## WHAT THE EXERCISE ASKS
The reply must contain exactly the lines below from the one with "EN IMÁGENES: Así" down to the one with "S4036MYMC Cookies and", both included, and nothing more; please omit the pictures.

## EXCERPTED DATA

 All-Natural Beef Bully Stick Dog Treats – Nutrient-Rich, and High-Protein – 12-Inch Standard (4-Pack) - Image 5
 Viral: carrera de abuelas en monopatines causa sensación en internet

==

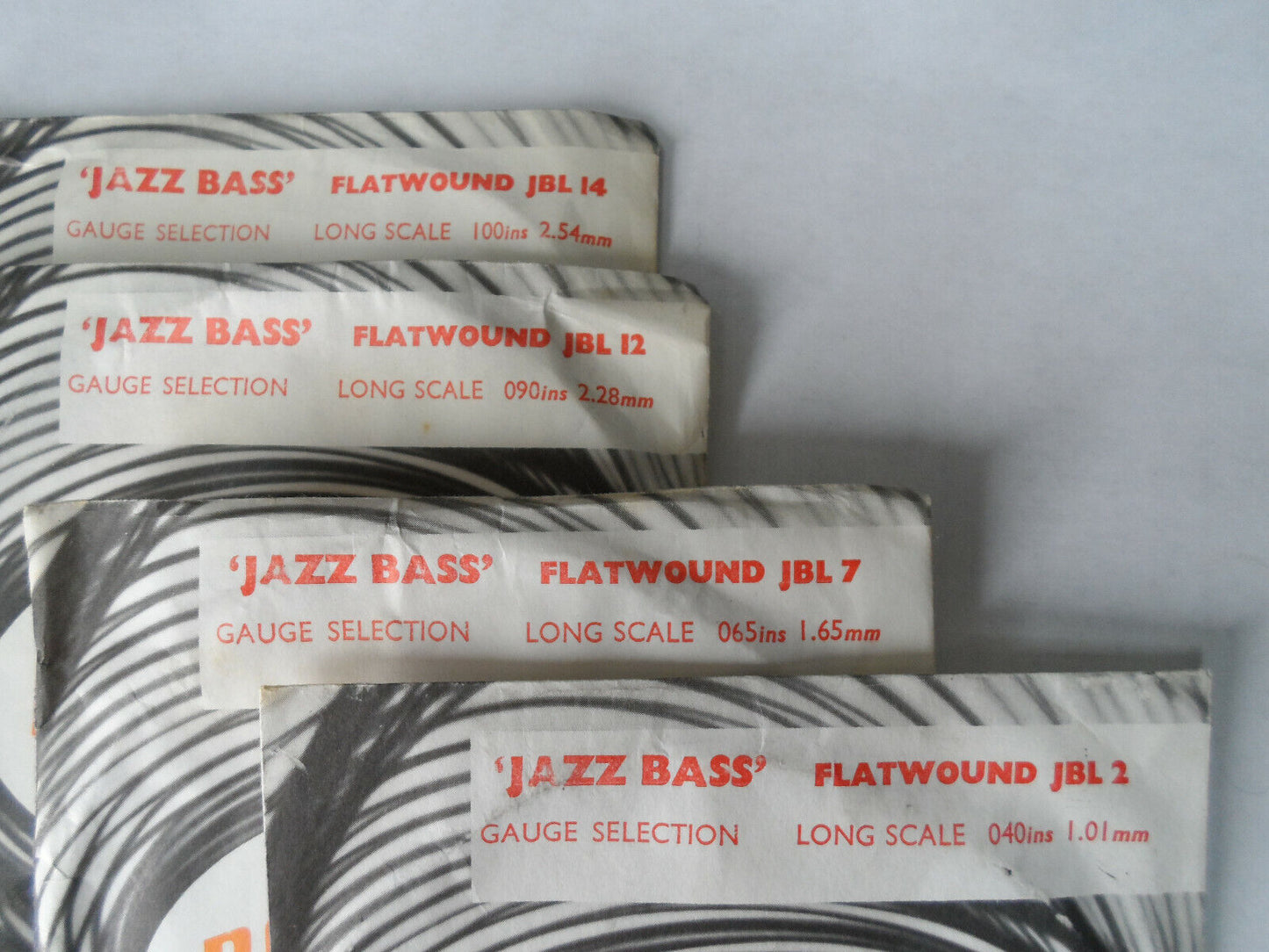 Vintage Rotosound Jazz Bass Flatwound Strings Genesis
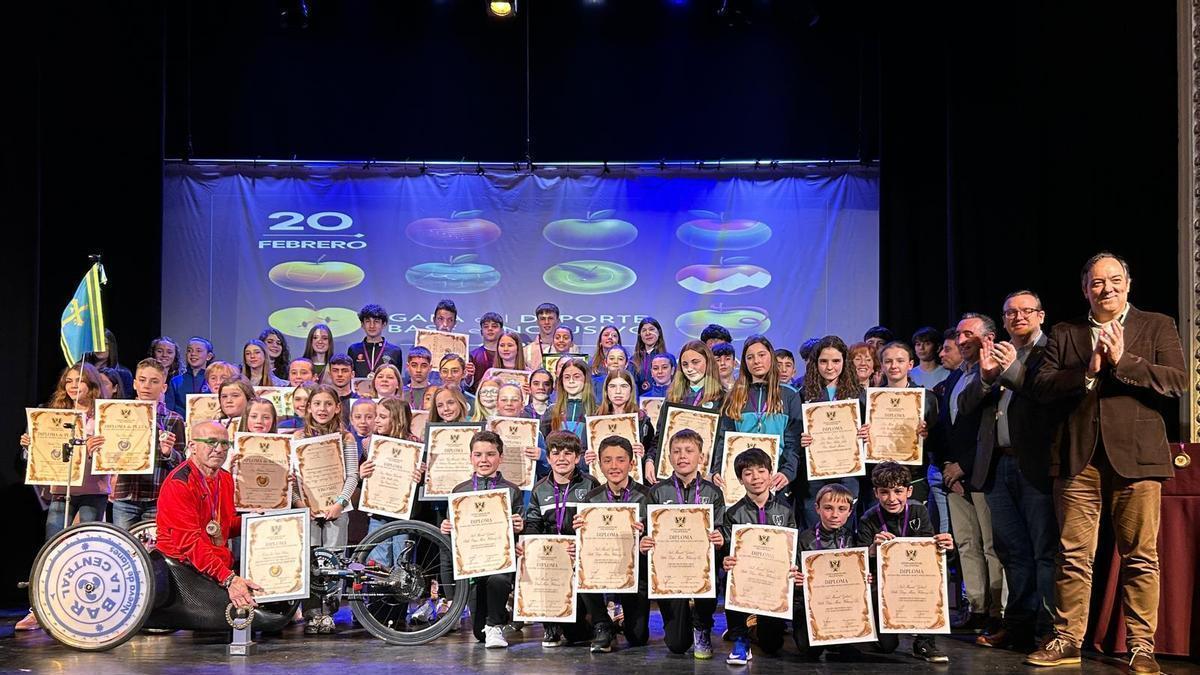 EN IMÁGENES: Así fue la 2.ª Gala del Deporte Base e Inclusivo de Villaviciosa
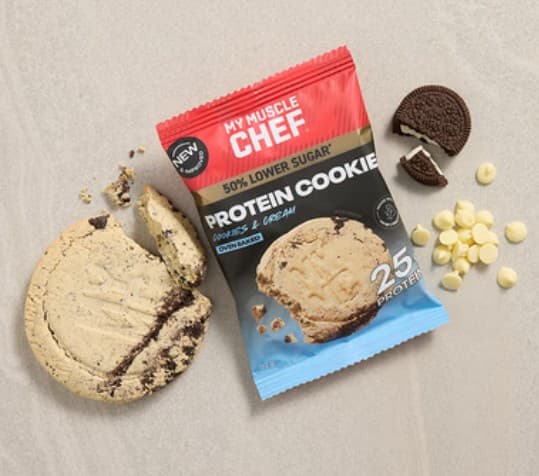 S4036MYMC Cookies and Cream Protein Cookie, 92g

## PROBLEM SOLUTION
 EN IMÁGENES: Así fue la 2.ª Gala del Deporte Base e Inclusivo de Villaviciosa
 S4036MYMC Cookies and Cream Protein Cookie, 92g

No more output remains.